Software approval policy#

To maximise the usability of the secure research environments, we pre-install certain software packages that are deemed broadly useful to a cross section of researchers, thus making them available to all users.

Other software packages which are only of interest to a subset of users can be made available for download from remote package repositories. Currently, we support PyPI (Python) and CRAN (R) as remote repositories.

For higher sensitivity tiers (Tier 3 and above), only a subset of packages are made available in this way. This subset of packages constitutes an “allowlist” of packages that have been vetted to mitigate the risk of introducing malicious or unsound software into the secure environment.

Warning

The Data Safe Haven team manages a default allowlist, but individual deployments may be using their own versions. Check with your System Manager what is being used in your case

This page sets out the policy for adding software packages to the default allowlist and/or software to the pre-installed software list. It also describes the procedure that users of the secure environment should follow to request new additions to the allowlist.

Background#

Given the safeguards afforded by the safe haven environment, and the separation of responsibilities between its constituent resources, the level of risk associated with the introduction of third party software packages is considered low. Moreover, access to the environment is carefully controlled and there is a presumption of trust in the individual researchers to whom access is granted.
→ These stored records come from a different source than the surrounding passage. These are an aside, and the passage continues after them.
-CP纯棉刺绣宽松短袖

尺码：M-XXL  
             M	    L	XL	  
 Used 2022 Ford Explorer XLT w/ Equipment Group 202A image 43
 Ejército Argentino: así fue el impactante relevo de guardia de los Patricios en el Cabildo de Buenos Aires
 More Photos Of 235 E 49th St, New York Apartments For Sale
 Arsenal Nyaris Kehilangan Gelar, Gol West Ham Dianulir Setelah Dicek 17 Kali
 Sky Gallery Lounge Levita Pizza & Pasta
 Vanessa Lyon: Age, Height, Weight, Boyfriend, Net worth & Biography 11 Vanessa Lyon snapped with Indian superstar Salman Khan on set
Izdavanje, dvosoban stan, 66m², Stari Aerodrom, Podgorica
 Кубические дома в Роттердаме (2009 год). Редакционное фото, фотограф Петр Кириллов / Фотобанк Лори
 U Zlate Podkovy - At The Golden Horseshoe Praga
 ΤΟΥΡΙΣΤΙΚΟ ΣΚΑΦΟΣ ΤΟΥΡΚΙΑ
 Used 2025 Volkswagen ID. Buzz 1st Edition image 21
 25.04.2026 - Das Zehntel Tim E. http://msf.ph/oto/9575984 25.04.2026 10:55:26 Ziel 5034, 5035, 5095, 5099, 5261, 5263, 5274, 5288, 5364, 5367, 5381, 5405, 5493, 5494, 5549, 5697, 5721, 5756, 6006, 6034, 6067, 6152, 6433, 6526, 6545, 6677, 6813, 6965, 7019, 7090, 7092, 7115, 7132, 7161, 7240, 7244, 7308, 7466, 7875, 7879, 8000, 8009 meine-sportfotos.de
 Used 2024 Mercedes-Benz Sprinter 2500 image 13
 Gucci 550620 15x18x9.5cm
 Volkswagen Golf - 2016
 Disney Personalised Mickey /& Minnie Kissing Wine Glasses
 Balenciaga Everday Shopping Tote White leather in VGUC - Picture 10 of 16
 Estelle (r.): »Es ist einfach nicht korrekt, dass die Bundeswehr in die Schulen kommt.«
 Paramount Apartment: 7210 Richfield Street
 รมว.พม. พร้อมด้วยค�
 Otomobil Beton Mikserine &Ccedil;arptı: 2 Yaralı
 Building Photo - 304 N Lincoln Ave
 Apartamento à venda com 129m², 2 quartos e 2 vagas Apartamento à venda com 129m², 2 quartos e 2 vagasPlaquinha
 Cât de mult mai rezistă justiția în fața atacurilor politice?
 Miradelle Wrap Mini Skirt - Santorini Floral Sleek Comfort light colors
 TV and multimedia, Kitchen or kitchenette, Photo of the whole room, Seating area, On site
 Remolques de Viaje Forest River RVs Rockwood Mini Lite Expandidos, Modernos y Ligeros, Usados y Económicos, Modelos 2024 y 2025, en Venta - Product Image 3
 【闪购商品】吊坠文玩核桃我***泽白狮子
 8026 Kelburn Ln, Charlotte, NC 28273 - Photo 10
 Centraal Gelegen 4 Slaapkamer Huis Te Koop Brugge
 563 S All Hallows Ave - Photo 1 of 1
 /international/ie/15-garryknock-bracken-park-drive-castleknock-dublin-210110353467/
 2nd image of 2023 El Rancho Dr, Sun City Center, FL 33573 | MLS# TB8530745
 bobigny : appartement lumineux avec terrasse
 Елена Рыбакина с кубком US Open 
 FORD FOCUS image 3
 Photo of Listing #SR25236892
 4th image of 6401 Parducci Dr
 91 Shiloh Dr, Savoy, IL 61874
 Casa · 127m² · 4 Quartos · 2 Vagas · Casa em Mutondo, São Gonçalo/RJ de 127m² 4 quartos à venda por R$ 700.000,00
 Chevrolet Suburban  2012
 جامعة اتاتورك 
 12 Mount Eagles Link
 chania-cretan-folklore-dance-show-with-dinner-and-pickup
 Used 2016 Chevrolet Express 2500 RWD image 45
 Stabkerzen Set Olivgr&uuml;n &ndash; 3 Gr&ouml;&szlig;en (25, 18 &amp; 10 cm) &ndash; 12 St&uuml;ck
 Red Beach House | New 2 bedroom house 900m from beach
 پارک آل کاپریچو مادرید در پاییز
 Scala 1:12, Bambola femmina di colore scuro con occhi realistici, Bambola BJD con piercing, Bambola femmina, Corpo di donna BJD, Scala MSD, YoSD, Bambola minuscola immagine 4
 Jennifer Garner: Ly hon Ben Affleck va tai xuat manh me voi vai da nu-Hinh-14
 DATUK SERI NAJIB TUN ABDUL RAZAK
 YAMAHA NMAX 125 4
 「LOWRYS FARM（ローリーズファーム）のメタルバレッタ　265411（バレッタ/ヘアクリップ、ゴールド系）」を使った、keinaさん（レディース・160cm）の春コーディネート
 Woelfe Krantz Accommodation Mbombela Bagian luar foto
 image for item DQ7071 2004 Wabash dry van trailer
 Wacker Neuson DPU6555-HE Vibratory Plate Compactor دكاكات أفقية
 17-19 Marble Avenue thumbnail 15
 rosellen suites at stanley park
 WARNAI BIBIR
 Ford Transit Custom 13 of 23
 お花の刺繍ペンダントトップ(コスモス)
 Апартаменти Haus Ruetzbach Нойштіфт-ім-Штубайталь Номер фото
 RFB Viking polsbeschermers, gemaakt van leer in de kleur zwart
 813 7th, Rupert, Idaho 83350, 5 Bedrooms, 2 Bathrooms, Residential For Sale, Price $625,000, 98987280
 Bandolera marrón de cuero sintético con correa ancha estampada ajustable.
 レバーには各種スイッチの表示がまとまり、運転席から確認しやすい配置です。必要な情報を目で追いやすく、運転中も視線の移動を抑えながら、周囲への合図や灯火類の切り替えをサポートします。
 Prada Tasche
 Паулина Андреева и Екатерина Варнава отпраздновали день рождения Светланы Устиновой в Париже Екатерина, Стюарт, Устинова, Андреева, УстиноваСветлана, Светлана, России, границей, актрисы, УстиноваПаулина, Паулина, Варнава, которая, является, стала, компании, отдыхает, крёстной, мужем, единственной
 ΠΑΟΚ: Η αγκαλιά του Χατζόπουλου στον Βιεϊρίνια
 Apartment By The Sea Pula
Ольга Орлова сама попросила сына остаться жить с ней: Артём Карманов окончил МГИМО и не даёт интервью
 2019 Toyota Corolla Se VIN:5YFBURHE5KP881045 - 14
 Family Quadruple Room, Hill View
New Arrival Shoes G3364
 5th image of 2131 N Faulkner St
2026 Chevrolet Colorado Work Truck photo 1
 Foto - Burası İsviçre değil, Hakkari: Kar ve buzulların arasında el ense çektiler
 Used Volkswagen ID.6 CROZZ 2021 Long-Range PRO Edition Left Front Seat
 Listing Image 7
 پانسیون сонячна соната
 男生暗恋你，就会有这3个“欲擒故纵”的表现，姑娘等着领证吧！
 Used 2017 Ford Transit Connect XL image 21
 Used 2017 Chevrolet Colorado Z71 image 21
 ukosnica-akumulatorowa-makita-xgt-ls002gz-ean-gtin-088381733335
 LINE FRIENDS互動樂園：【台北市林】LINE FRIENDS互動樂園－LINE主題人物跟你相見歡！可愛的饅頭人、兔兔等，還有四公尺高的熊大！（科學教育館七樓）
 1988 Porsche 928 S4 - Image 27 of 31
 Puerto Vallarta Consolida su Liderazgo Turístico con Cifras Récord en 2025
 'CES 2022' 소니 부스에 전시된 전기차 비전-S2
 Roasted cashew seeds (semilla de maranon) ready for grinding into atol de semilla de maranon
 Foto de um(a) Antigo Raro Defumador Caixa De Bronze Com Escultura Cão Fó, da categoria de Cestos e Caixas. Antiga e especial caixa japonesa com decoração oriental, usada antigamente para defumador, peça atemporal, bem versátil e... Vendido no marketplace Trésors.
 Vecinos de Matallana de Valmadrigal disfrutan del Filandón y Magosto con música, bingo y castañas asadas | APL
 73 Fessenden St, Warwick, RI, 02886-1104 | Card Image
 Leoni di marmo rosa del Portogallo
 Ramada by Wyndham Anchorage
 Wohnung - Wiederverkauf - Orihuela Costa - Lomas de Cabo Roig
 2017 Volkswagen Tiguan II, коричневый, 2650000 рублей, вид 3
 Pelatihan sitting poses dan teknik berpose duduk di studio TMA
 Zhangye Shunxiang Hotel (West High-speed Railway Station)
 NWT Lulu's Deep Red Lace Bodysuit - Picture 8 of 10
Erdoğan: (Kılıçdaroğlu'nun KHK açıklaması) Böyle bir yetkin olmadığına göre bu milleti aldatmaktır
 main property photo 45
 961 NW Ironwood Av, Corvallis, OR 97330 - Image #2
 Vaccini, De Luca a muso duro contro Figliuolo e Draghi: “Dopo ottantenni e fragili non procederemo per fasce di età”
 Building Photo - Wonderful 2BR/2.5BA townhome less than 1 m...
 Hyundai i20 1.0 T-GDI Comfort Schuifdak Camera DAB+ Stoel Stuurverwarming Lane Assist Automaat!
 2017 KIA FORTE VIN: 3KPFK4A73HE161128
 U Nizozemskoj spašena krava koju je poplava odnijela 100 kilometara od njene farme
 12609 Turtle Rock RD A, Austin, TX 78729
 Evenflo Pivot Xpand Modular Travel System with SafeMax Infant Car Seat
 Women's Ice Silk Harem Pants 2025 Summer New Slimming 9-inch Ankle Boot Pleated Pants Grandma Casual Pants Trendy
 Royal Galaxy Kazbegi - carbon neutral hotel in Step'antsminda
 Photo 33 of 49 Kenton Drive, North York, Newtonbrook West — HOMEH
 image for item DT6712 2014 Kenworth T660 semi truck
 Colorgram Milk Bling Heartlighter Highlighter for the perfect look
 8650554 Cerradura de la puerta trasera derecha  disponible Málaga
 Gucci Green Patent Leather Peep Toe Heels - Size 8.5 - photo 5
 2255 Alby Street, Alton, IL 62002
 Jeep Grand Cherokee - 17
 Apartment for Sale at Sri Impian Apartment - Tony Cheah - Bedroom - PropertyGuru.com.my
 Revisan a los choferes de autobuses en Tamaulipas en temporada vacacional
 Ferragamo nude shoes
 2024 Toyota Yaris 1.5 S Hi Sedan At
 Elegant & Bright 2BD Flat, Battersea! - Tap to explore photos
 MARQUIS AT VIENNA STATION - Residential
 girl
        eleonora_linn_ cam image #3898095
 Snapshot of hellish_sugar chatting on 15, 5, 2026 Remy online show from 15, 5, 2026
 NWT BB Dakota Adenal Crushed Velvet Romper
Nevertheless, the introduction of any software into the safe haven must be considered against the potential risks of:

approved users having access to data to which they shouldn’t (e.g. from data mixing)
unapproved users having access to data (e.g. from a data breach)
poisoning of data and/or outputs
resource misuse (allocation of computational resources for unintended or wasteful purposes).

Such risks may originate unwittingly, from a user who wants to “just get the job done”, or from a user, network team member or administrator acting maliciously.

Specific risks which this policy aims to mitigate include:

package name squatting (allowlisting a similarly-named package instead of the intended one)
privilege escalation attacks (enabling a user to gain elevated access permissions)
unauthorised data ingress (in particular, it is possible to upload arbitrary data to PyPI without review)

Policy#

For each supported repository, three package lists will be maintained:
- a core allowlist of broadly useful packages that should be pre-installed in each environment
- an extra allowlist of packages that may be useful for specific projects
- an expanded list to be made available from the package repositories consisting of the core and extra packages plus their dependencies
Users may request to add packages to these allowlists via the package request procedure.
- In the interests of improving researcher productivity the aim will be to accommodate such requests, provided there are no outweighing security concerns associated with the package or its dependencies.
Requests will be reviewed by the project team using the information provided by the user when making the request
If approved, a requested package will be added to either the core or extra allowlist (as appropriate)

Criteria for inclusion in core#

Only software that is considered broadly useful to a cross section of researchers should be included in core.

To meet this condition, a package should:

implement at least one generic (i.e. not domain-specific) statistical algorithm or method, or
provide support for a cross-cutting analysis technique (e.g. geospatial data analysis, NLP), or
facilitate data science or software development best practices (e.g. for robustness, correctness, reproducibility), or
enhance the presentational features of the programming language (e.g. for producing plots, notebooks, articles, websites), or
enhance the usability of the programming language or development environment (e.g. RStudio, PyCharm)

Package request/review procedure#

A user requests a package by opening a Software package request issue on the Data Safe Haven GitHub repository, including responses to the following questions:
- Is this package the mostly widely supported for the intended purpose?
- What will you be able to do with this package that you can’t currently do? What alternatives are there?
- What risks to data integrity/security might arise from including this package or its dependencies?
A member of the project team reviews the request according to the terms of the Policy.
The reviewer adds their decision (accept/reject) to the issue and notifies the user who made the request.
- If the decision is to reject, the reviewer must include an explanation. Any subsequent request for the same package should address the specific concern raised.
- If the decision is to accept, a pull request should be made that will add the package to the appropriate list.
Once the pull request is approved, system administrators of any running deployment can decide whether to update to the new allowlist definitions.